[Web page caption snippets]
----
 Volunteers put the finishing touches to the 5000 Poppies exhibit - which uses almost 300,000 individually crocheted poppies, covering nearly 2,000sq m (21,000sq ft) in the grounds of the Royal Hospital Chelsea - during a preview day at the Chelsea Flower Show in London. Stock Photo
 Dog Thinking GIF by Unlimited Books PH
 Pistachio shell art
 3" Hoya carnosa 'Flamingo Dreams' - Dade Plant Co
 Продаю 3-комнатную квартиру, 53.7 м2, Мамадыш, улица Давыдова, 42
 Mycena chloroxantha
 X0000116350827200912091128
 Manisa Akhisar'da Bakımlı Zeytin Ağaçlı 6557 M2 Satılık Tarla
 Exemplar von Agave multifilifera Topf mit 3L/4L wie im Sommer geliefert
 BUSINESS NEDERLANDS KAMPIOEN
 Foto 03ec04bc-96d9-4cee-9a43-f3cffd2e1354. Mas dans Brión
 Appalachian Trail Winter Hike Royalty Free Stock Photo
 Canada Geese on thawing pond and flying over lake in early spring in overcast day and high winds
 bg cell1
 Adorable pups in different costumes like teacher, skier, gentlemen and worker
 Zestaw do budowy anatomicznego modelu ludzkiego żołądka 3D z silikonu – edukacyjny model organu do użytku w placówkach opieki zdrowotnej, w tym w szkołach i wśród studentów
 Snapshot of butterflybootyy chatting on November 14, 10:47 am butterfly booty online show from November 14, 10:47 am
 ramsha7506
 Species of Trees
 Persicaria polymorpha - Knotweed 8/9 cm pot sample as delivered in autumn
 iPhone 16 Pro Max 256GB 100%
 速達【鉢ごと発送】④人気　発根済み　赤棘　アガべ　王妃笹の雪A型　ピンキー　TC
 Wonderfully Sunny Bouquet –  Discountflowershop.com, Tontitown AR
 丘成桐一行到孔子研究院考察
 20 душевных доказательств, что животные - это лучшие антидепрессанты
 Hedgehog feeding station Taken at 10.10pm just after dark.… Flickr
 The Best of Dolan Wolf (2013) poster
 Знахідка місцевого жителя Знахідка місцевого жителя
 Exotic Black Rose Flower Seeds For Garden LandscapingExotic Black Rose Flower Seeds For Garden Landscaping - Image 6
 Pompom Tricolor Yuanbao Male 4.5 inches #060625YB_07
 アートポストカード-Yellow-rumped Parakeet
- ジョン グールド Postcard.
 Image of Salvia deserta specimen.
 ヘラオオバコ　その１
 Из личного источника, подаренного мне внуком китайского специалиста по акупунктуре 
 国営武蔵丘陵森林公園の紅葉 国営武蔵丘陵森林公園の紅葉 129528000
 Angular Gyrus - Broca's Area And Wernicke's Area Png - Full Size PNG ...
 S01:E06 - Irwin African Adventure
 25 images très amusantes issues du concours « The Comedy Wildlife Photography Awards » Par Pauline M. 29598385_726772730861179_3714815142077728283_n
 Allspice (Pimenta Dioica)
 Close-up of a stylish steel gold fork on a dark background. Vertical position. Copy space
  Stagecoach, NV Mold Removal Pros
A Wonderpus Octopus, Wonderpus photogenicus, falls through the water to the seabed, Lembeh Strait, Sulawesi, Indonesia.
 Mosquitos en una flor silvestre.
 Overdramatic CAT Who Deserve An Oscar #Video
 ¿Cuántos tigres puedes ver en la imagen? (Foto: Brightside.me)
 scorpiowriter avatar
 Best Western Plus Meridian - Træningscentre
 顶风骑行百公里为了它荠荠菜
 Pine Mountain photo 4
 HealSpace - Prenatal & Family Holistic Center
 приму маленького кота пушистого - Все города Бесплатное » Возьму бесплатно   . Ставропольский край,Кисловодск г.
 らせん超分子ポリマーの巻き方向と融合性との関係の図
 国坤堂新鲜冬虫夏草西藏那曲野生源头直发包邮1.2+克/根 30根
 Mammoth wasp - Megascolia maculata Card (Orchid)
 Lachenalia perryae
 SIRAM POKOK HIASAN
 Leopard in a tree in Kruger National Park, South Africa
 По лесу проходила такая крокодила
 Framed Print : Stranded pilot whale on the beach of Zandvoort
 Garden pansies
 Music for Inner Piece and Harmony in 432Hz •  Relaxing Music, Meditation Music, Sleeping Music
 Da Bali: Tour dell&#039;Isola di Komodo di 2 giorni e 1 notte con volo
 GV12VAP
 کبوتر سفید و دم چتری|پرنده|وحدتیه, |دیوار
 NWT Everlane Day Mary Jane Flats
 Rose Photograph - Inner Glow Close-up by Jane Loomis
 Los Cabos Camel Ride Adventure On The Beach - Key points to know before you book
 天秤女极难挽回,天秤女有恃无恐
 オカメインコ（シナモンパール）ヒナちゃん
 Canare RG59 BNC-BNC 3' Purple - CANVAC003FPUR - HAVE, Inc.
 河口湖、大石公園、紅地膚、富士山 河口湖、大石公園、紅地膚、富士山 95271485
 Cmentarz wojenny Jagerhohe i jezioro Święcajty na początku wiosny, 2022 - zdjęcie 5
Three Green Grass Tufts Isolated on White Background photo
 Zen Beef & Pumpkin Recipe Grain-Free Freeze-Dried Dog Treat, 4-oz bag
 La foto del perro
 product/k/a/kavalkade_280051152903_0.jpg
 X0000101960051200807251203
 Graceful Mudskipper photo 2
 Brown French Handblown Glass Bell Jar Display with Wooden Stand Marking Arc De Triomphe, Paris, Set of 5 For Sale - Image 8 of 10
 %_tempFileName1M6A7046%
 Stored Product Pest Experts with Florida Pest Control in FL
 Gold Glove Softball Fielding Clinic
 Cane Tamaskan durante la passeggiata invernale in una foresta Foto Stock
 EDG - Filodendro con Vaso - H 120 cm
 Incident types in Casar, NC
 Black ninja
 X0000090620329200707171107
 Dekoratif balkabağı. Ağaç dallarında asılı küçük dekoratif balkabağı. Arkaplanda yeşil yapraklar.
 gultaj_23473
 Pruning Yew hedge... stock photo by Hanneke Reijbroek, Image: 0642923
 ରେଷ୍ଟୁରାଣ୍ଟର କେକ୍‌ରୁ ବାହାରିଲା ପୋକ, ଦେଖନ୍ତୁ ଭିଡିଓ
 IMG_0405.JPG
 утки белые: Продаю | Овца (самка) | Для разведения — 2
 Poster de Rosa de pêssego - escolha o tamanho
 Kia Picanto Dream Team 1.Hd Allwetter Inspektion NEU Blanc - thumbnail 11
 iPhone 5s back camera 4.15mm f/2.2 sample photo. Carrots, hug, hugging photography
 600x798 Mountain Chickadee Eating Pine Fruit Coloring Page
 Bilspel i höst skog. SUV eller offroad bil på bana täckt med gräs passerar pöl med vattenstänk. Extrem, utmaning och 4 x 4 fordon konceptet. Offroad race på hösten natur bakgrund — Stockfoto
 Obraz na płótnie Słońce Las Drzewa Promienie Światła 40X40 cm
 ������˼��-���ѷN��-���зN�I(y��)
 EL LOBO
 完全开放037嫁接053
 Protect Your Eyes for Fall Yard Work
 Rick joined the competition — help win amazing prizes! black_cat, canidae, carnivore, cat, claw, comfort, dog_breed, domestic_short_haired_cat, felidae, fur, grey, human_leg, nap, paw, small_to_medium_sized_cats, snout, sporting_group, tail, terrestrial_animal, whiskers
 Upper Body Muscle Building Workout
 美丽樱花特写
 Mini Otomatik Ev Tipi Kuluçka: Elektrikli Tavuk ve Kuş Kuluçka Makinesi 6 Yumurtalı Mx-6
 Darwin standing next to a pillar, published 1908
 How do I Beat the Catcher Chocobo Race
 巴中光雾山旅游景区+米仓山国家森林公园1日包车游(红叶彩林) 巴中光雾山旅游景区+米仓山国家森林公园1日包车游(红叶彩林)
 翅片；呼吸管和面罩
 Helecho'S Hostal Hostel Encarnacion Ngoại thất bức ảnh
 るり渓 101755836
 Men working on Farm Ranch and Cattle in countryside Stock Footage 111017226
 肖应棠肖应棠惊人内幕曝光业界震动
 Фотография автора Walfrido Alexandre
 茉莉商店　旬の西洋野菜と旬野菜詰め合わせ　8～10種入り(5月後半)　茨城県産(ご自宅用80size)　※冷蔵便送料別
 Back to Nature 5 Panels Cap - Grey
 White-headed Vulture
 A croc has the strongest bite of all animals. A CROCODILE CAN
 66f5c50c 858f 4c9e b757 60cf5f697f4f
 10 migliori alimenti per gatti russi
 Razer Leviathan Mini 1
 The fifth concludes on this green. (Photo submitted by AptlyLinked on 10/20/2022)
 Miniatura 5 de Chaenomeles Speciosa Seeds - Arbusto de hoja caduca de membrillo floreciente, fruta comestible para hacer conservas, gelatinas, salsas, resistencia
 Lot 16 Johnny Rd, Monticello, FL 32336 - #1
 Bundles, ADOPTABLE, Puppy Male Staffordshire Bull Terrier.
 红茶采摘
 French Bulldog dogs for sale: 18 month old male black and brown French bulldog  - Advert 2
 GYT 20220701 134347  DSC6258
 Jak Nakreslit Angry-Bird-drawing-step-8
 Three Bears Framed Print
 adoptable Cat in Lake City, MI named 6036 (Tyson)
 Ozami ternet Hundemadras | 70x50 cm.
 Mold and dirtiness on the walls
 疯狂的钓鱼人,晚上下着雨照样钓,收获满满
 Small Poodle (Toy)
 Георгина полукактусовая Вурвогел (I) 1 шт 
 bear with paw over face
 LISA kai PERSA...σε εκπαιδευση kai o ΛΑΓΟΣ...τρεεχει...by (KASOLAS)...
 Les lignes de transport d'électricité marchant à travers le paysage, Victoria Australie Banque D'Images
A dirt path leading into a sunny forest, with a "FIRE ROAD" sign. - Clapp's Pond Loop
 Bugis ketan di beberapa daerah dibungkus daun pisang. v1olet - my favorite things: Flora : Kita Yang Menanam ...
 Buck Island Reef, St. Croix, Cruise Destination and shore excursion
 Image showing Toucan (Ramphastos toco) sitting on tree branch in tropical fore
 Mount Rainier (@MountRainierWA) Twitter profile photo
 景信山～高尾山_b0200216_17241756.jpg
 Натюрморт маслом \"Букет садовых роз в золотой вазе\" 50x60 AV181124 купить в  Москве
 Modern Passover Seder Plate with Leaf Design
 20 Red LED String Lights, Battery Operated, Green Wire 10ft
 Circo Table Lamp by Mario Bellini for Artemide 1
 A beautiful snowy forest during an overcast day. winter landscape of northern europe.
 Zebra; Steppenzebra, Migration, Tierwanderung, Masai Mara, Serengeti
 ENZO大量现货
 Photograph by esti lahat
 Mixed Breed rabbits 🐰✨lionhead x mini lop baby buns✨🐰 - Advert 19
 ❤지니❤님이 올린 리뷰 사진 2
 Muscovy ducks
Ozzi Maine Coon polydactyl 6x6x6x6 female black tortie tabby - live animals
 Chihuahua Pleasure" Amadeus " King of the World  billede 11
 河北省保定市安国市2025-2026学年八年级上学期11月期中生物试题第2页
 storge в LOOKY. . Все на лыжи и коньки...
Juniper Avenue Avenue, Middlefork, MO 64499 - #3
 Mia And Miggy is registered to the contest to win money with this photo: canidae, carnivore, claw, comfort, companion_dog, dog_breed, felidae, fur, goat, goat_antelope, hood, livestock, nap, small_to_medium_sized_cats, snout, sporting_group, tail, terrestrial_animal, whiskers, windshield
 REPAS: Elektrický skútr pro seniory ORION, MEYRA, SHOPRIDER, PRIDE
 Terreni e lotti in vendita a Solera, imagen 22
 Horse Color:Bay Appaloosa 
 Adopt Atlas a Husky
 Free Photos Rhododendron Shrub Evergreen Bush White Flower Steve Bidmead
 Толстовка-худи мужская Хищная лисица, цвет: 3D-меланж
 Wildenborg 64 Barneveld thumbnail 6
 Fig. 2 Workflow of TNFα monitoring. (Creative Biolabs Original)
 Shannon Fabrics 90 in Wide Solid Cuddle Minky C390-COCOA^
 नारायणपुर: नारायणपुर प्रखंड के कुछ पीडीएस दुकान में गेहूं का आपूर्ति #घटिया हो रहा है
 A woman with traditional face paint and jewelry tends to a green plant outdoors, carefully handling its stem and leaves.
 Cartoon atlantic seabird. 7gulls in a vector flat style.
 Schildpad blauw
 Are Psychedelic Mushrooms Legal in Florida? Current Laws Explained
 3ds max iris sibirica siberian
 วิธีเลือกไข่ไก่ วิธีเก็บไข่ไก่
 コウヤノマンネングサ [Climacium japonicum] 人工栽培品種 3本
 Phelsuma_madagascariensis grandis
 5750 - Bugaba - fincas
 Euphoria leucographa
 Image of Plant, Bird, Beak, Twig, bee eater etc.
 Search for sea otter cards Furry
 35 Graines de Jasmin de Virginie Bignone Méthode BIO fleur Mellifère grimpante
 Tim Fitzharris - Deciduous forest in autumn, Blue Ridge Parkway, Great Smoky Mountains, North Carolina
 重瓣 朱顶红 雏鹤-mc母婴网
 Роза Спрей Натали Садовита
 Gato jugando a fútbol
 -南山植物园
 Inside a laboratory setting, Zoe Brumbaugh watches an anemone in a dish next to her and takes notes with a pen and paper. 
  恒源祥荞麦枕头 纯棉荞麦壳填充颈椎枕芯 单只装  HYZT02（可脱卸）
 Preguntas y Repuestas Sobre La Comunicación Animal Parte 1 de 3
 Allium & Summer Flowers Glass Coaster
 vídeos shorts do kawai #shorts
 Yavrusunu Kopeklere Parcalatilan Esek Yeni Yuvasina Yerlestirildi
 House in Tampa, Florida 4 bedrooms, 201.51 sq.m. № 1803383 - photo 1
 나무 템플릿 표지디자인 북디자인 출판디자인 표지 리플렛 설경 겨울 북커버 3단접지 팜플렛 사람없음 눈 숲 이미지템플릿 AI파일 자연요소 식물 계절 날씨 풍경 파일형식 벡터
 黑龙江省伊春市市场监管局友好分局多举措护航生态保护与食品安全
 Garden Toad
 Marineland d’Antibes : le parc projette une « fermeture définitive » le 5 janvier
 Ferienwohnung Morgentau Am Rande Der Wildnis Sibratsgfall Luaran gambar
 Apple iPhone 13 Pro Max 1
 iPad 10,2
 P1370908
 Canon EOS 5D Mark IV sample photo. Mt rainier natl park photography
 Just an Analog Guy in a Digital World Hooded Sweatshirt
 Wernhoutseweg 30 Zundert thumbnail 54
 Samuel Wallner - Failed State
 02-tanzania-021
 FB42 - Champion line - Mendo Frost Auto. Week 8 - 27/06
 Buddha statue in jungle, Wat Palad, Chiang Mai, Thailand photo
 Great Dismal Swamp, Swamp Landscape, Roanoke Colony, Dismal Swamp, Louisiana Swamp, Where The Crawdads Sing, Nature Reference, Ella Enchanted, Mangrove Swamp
----
* What to produce
Exactly as they stand, set down the lines from the top of the data through the line with "X0000116350827200912091128".

* Written solution
 Volunteers put the finishing touches to the 5000 Poppies exhibit - which uses almost 300,000 individually crocheted poppies, covering nearly 2,000sq m (21,000sq ft) in the grounds of the Royal Hospital Chelsea - during a preview day at the Chelsea Flower Show in London. Stock Photo
 Dog Thinking GIF by Unlimited Books PH
 Pistachio shell art
 3" Hoya carnosa 'Flamingo Dreams' - Dade Plant Co
 Продаю 3-комнатную квартиру, 53.7 м2, Мамадыш, улица Давыдова, 42
 Mycena chloroxantha
 X0000116350827200912091128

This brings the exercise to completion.